Пастор знал о своих способностях и о том, как влияют его проповеди на людей, тоже знал. Такой гнилой радостью и торжеством светились его глаза, он так упивался своей властью, что не сразу заметил, люди, стоящие вокруг, встряхивают головами, смотрят уже осмысленно и моргают, стараясь понять, что с ними...
– А что тут страшного, что я свою невесту за руку держал?
– вдруг прервал проповедь удивленный мужской голос, и вперед протолкался молодой парень.
– За это вы, пастор, хотели ее выпороть перед самой свадьбой-то?!
– Может, тебе нравится мучить женщин?
– вкрадчиво поинтересовалась циркачка и добавила почти нараспев: - Сладко, когда им больно... ой сладко-о-о.
Пастор мотнул головой, обвел всех яростным взглядом и вдруг зашипел:
– Сладко, когда эти шлюхи корчатся от боли и унижения. Все шлюхи!

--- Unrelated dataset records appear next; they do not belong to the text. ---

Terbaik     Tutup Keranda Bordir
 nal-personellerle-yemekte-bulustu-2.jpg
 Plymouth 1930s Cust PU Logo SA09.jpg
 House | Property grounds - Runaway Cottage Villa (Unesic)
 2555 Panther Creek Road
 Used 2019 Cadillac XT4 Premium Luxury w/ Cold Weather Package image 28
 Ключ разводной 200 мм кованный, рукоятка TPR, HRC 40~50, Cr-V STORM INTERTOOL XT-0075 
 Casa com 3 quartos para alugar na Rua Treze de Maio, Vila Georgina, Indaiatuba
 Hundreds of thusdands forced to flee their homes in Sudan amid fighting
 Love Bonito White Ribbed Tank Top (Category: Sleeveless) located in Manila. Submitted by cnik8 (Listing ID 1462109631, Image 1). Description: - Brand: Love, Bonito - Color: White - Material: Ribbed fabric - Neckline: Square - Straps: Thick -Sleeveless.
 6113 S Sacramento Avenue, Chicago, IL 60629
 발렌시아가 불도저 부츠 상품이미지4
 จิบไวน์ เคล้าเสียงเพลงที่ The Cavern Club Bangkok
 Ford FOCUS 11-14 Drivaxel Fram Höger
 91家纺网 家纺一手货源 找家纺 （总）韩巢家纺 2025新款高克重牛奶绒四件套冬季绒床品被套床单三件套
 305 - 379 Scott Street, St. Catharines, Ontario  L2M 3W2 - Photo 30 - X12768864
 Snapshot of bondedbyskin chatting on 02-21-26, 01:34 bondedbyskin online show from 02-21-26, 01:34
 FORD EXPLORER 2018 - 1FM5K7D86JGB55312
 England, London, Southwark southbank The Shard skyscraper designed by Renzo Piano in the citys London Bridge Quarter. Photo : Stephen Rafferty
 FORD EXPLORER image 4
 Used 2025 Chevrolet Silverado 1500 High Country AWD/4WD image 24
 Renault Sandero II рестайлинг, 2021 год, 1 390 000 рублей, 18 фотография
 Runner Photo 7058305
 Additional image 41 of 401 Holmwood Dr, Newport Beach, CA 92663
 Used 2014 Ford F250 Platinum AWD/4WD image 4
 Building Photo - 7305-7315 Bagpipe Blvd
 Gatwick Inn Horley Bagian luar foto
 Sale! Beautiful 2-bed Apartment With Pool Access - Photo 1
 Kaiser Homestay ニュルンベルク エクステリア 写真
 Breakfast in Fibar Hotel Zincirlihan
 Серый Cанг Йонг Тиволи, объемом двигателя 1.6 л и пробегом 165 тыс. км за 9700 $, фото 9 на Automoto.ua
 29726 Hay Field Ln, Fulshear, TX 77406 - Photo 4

Кожу с вас сдирать надо живьем!
– пастор вдруг сунул руки под рясу, его лицо исказилось гримасой сладострастия, он застонал и опустился на колени. Этот стон узнал каждый из стоящих вокруг взрослых. Может, ходоки и перестарались с мерой воздействия, но впоследствии об этом не жалел никто. В мертвой тишине было слышно только тяжелое дыхание священника. Громкий крик сначала одного младенца, а потом слабое мяуканье второго, заставил толпу отвернуться и податься к двери "госпиталя".